Que a la gente de Ciudadanos, con Inés Arrimadas a la cabeza la recibieran con abucheos, les tiraran orines y les hicieran un escrache en toda regla, es un poco sorprendente incluso en nuestro descerebrado país en donde hay escraches malos, el que sufre Ada Colau, y escraches buenos, el que padece Arrimadas o Rivera, aunque su partido tenga unas credenciales impecables en la defensa del colectivo que celebraba el Orgullo gay.

Sin embargo resulta un pelín chocante la reacción del Ministro del Interior. No me refiero a si la policía tardó o no en recibir órdenes para que protegieran debidamente al grupo de Arrimadas. Lo chocante es que todo un Ministro de Interior, reconocido hombre de leyes por más señas, entre en el juego partidista, ¿ha condenado ya el PSOE lo ocurrido en la manifestación?, dando a entender que es normal que estos ataques ocurran a un partido “que ha pactado de una forma descarada y obscena con quien trata de limitar los derechos LGTBI. Si alguien no entiende que eso debe tener alguna consecuencia es un irresponsable”.

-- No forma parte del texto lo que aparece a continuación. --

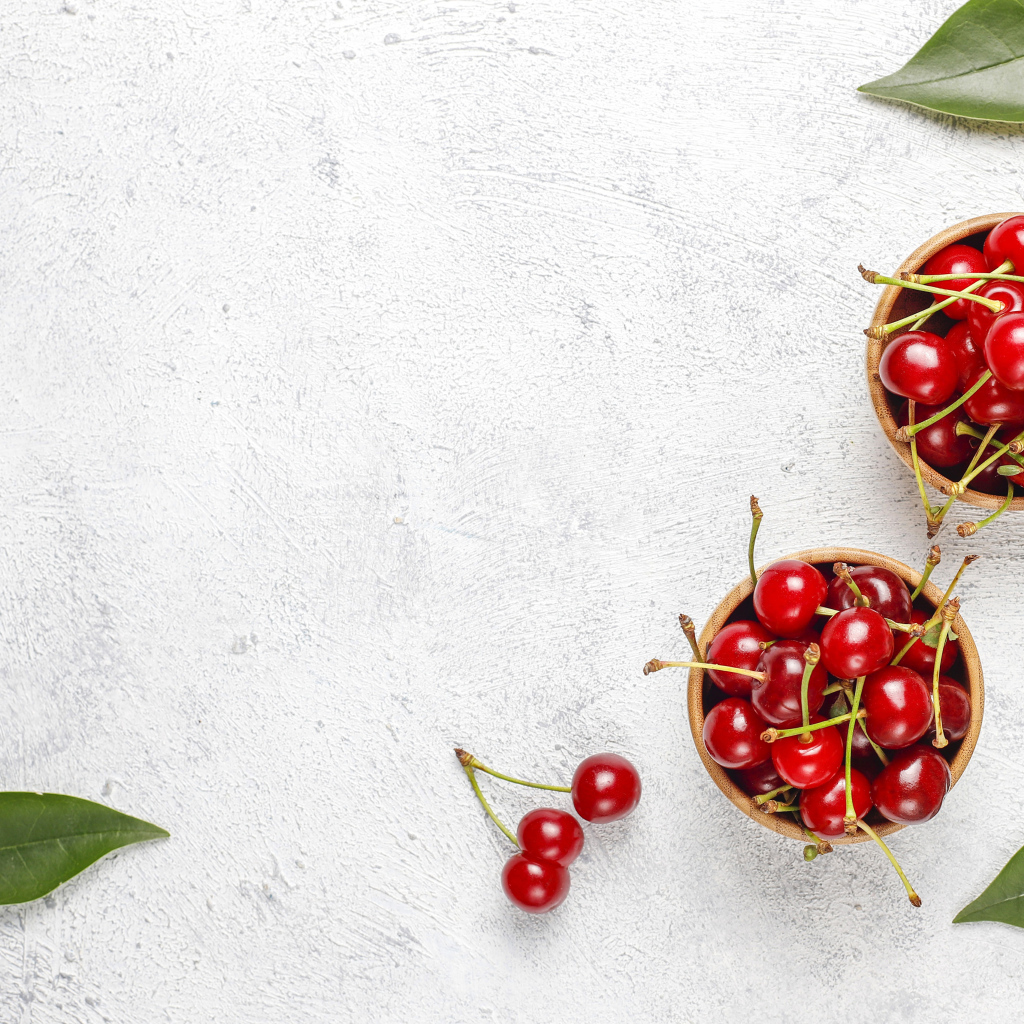 Спелая красная вишня с зелеными листьями на столе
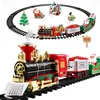 Julleksak leveranser Jultåg Set Electric Train Toy With Sound Light Railway Tracks For Kids Gift Christmas Tree Decorations Steam Train 231124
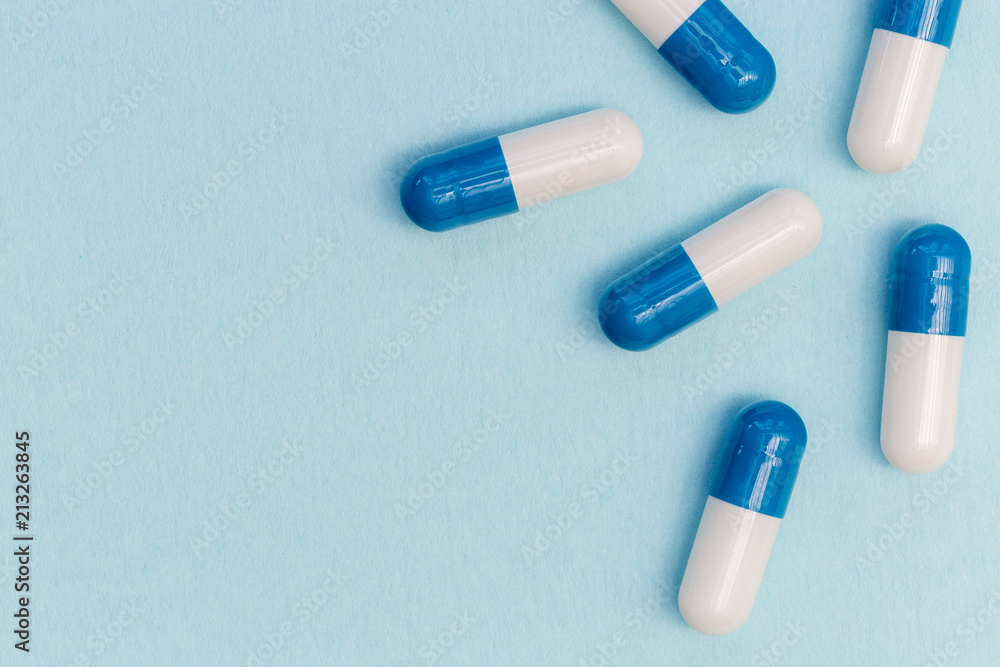 Drugs pills capsules on blue background abstract concept Drugs pills capsules on blue background abstract concept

En resumen quien pacta con Vox de alguna manera, por correctas que sean las credenciales del que pacta, no se debe extrañar que le tiren orines y que intenten agredirle. No estoy muy al corriente de las cortapisas que Vox pone al colectivo gay, no creo que quiera mandar a nadie al paredón ni pelarlo al cero. Tampoco creo que quiera como el Che Guevara internar en un campo de reeducación a los homosexuales con un cartel humillante que diga “Por el trabajo te harás hombre”.

Lo que sí me asombra es que un Ministro demócrata del Gobierno, como la casi totalidad de sus colegas encabezados por el Presidente, consideren horrible, incalificable, abyecto, que se pueda pactar con un partido como Vox cuando ellos han llegado al poder y nos gobiernan gracias a un apoyo más abyecto y bochornoso, el de filo etarras e independentistas catalanes que han intentado romper España. Estos posibilitaron la moción de censura y con ellos coquetea el Gobierno, véase Navarra y los trapicheos actuales con los separatistas catalanes, para mantenerse ahora en el poder con políticos que repiten que repetirán el golpe de estado.

Algunos hemos olvidado las leyes y nos gustaría asistir a un curso de verano para que Marlaska nos explicara por qué es abyecto pactar con Vox y resulta presentable hacerlo con Bildu y ERC. Me gustaría oír las razones éticas y legales.